Designing the next generation of symmetrical organic redox flow batteries using helical carbocations

Figure 3. Cyclic voltammograms of 1 mM nPrDMQA+, nPrDMQANO2+, nPrDMQAOMe+,nPrDMQANH2+,nPrDMQANMe2+,nPrDMQA(pMe)3+,nPr/PhDMQA+, nPr/CH2CF3DMQA+, (CyNHnPr)DMQA+, PEGDMQA+ and [6]helicene+ in 0.1 M TBAPF6 CH3CN solution at 100 mV·s-1. All values of potential are reported in Table 1. Grey box corresponding to Egap of nPrDMQA+.

When it comes to modifying the Y position of the aromatic core, options for late-stage functionalization are practically absent. The alteration of this position in the para of the carbocation center of tris-aryl carbenium synthons must take place during a preliminary step [Supplementary Figure 1]. Access to an electronically enriched scaffold through the introduction of OMe and NMe2 groups was unsuccessful[72,106]. Despite numerous attempts, the electron richness of acridinium moieties containing three σ- and π-donating groups, such as OMe and NMe2, in the para position inhibits the second aromatic nucleophilic substitution required to form the helicenium scaffold[83]. Fortunately, σ-donating groups such as methyl groups which were introduced in the para position to form the synthon tris(2,6-dimethoxy-4-methylphenyl)carbenium tetrafluoroborate did not hamper the synthesis of the helicenium analog DMQA(pMe3)+ (see Supplementary Materials). This new compound sees its E1/2Red value decrease by -130 mV, while its E1/2Ox value only decreases by -60 mV compared to nPrDMQA+. This leads to an Egap = 2.19 V, which is significantly comparable to the reference DMQA+ (Figure 3 green trace).

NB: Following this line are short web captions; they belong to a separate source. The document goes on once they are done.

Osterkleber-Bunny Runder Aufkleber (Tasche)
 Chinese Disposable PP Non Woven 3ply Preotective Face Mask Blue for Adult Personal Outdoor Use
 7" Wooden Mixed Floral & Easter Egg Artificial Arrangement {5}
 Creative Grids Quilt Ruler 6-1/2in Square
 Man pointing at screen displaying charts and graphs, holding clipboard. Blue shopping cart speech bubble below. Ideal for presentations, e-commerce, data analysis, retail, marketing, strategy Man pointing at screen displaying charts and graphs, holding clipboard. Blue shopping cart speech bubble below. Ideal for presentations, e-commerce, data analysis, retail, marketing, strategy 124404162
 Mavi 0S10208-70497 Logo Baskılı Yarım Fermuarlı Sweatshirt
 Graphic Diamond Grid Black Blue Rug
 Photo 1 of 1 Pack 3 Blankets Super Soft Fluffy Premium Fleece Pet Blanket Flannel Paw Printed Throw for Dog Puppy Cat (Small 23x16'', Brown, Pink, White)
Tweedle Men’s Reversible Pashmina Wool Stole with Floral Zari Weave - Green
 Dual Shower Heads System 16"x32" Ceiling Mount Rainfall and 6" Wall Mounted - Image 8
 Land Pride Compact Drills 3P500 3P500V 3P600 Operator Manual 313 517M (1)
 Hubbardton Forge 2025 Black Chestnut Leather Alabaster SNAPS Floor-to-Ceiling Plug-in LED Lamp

We then focus our interest on the nature of the arms carried by the DMQA+ scaffold and their impact on the electrochemical properties of the BRM. Through the introduction of a Ph group in R2 through a preliminary synthesis step, followed by adding an nPr group in R1, a dissymmetrical DMQA+ was obtained[103]. It was quickly observed that the presence of a Ph aromatic group, while not significantly altering the potential of the electrochemical events, severely disrupts their reversibility (Figure 3 deep blue trace). The E1/2Red was recorded at -0.99 V vs. AgNO3, a difference of +150 mV compared to the nPrDMQA+, while the EOx became completely irreversible. This initial drawback renders this molecule unsuitable for the deployment in SORFB. The substitution of the R2 arm with an electrophilic trifluoroalkyl group CH2CF3 was then initiated to assess its influence on the electrochemical processes (Figure 3 sky blue trace). It was observed that the E1/2Red potential shifted towards more positive values by +340 mV, with the appearance of a second distinct process E1/2Red2. The E1/2Ox process was measured higher by +110 mV as compared to the reference DMQA+ but also became bielectronic, making use of nPr/CF3CH2DMQA+ as a BRM very complicated as the electron exchanges would be unbalanced. From a more structural perspective rather than electronic, the introduction of two bulky amino-alkyl R1/R2 arms (3-(cyclohexylamino)propyl) in order to increase the molecule's steric hindrance does not seem to induce any noticeable effect on the ERed and EOx processes, which are modified by +160 and +50 mV, respectively (Figure 3 light blue trace). However, this (CyNHnPr)DMQA+ molecule experiences an alteration of both processes as they became pseudo-reversible. The pursuit of increased solubility of the different oxidation states of the DMQA+ core has also guided the synthesis of a variation where R1 and R2 were introduced in the form of an alkyl ether moiety, so-called pegyl chain (3-(2-methoxyethoxy)propyl = PEG)[45,107]. Remarkably, this PEGDMQA+ molecule presents values of E1/2Red and E1/2Ox very similar to those of the reference nPrDMQA+, with potential variations less than -50 mV, allowing the preservation of an Egap = 2.07 V (Figure 3 blue trace)[108].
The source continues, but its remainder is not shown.